Пятьсот девятый ощущал ночную прохладу даже в костях. Бормотание и стоны за его спиной были как серый поток, в котором легко можно было утонуть. Это было приманкой к самоотречению, приманкой, с которой отчаянно боролись ветераны. В Пятьсот девятом невольно что-то всколыхнулось, он повернул голову, чтобы почувствовать, что еще жив и не лишился воли. И тогда до Пятьсот девятого из трудового лагеря донесся сигнал отбоя. Заключенные на улицах стали расходиться. Не прошло и минуты, как осталась только безутешная колонна теней в Малом лагере, забытая товарищами по ту сторону колючей проволоки; отторгнутый, изолированный кусочек трепещущей жизни на территории неотвратимой смерти.
Лебенталю не пришлось проходить ворота. Пятьсот девятый вдруг увидел, как он направляется через плац: видимо, прошел где-то со стороны сортира. Никто не знал, как он «просочился»; Пятьсот девятого не удивило, если бы Лебенталь воспользовался нарукавной повязкой бригадира или даже дежурного.
— Лео!
Лебенталь остановился.
— Что случилось? Осторожно! Эсэсовцы все еще там. Уходи отсюда!
Они направились в сторону бараков.
— Что-нибудь раздобыл? — спросил Пятьсот девятый.
— Что?
— Еды. Что еще? Лебенталь повел плечами.
— Еды. Что еще? — повторил он раздраженно. — Как ты себе это представляешь? Я что, дежурный по кухне?
— Нет.
— Тогда чего ты от меня хочешь?
— Ничего. Я просто хотел спросить, достал ли ты что-нибудь поесть.
Лебенталь остановился.
— Поесть, — проговорил он с горечью. — А известно ли тебе, что по всему лагерю евреям вот уже два дня не дают хлеба?

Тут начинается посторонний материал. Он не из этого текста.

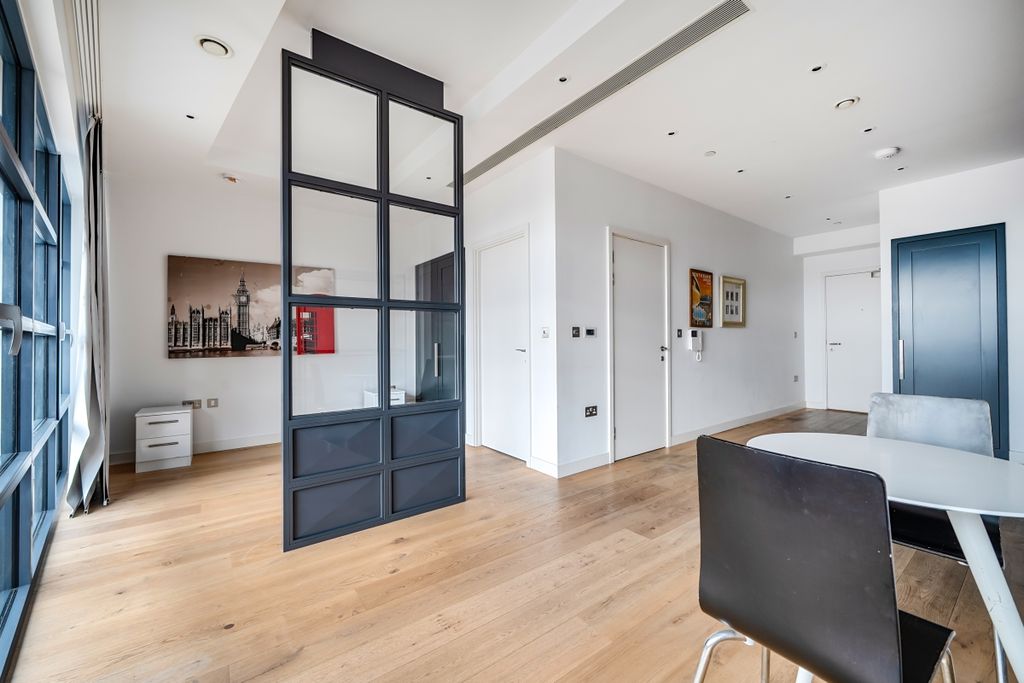 Property photo 3 of 17 1396999-13-696F9F...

Вебер приказал.
Пятьсот девятый уставился на него.
— Это правда?
— Нет. Я выдумал. Я всегда чего-нибудь выдумываю. Это даже забавно.

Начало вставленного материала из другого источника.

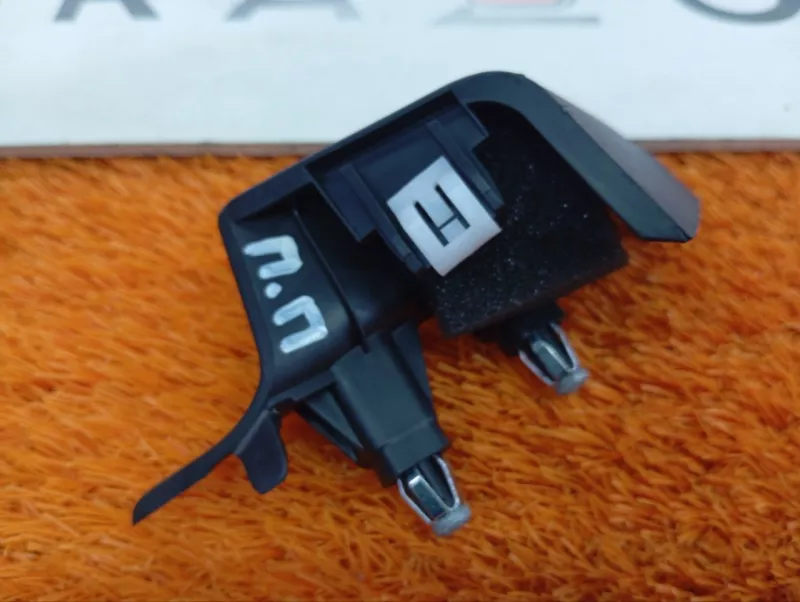 Накладка крепления зеркала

— Господи! Мертвецов прибавится!
— Да. Прямо пачками. А ты берешь меня за горло, добыл ли я еды.
— Успокойся, Лео. Присядь. Дурацкая история. Именно теперь! Теперь, когда нам нужна жратва и появилась возможность достать ее.

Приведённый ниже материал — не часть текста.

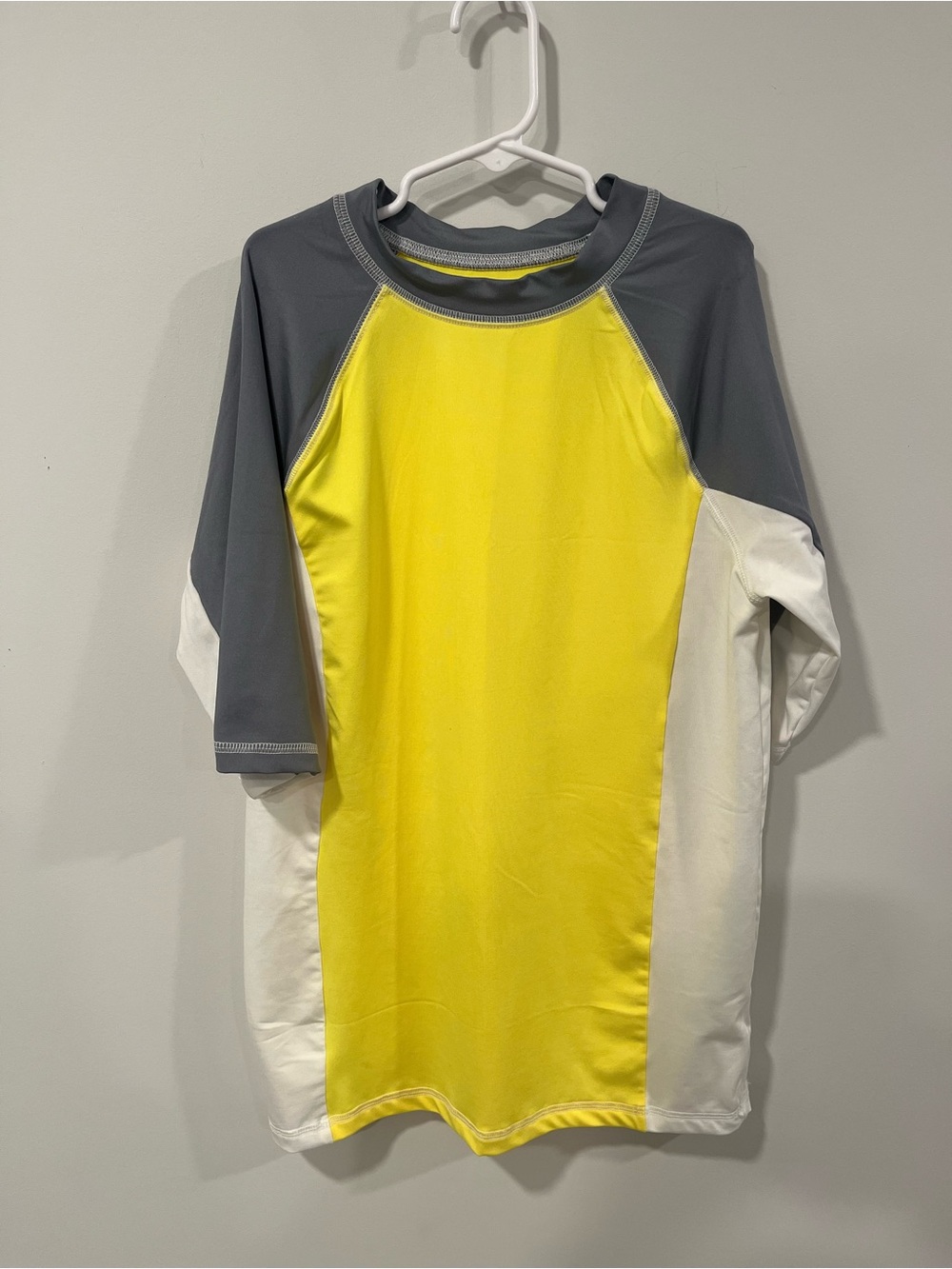 Cat & Jack Yellow and Gray Colorblock Rash Guard Top youth 16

Лебенталь задрожал. Он всегда дрожал, когда волновался. А возбуждался он легко и был очень чувствительным. Лично для него это означало нечто большее, чем постукивание пальцем по крышке стола. Такое состояние вызывалось постоянным чувством голода. Оно одновременно и расширяло и сужало диапазон эмоций. Истерия и апатия шли в лагере рука об руку.
— Я делал все, что мог, — сетовал Лебенталь высоким срывающимся голосом, — и доставал, и рисковал, и приносил, а ты вот объявляешь, что нам надо…
Его голос вдруг растворился в вязком сплошном клокотании. Такое было впечатление, будто нарушился контакт одного из громкоговорителей лагерной радиостанции. Лебенталь пошарил вокруг себя руками. Его лицо уже не выглядело больше, как обиженная мертвая голова; это был всего лишь лоб с носом и лягушачьими глазами на фоне дряблой кожи да еще с отверстиями в ней. Наконец, он нашел на земле свою вставную челюсть, обтер ее курткой и сунул обратно в рот. Громкоговоритель снова включился, и снова раздался голос, высокий и жалобный.
Лебенталь продолжал свое нытье, но Пятьсот девятый его не слушал. Когда это дошло до сознания Лебенталя, он замолчал.
— Нас уже часто лишали хлеба, — проговорил он вяло. — И между прочим, больше чем на два дня. Что вдруг сегодня из-за этого столько разговоров?
Пятьсот девятый бросил на него мимолетный взгляд. Потом показал на город и горящую церковь.
— Что произошло? Вот что, Лео!
— Что?
— Посмотри вниз. Как это было тогда в Ветхом Завете?
— Какое тебе дело до Ветхого Завета?
— Разве не было подобного при Моисее? Огненный столб, выведший народ из рабства?